The FTSE 250-listed engineer said in a statement on Monday that it has been “reviewing all strategic options” for its aerostructures business, but noted this was at an early stage and there was no certainty it will lead to a transaction.
Reports surfaced on Friday suggesting that Senior was working with adviser Lazard to reach out to buyout firms and aerospace companies over the potential divestment, with a view to seeking as much as £450mln for the division.
Senior said that its aerostructure unit, which supplies components for airplanes, accounting for about 39% of overall revenue, was in trouble back in November from the weakening aerostructures markets.
At the time, it announced a £20mln restructuring programme to address low revenues at the aerospace divisions, as well as Flexonics, which included plans to reduce staff headcount, transfer major work packages to South East Asia and close a South Carolina plant by early 2020.

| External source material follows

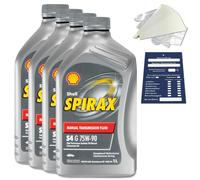 Shell Spirax S4 G 75W-90 Olio Cambio 4 L VW 501.50 GL-4
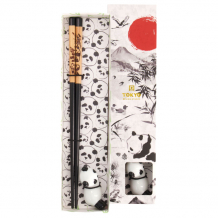 Chopsticks including Rest, Giftset, Panda - Item No. 20721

Since September, Senior has sold two non-core businesses, which accounted for less than 2% of 2018 group revenue, which added slightly to its 2019 adjusted earnings.
“It is Senior's policy to review its portfolio on an ongoing basis and evaluate all its operating businesses in terms of their strategic fit within the group,” said the firm on Monday.
However, a final decision hasn’t been made and Senior may still decide to keep the unit.
Shares were up 6% at 188p in mid-morning trading on Monday.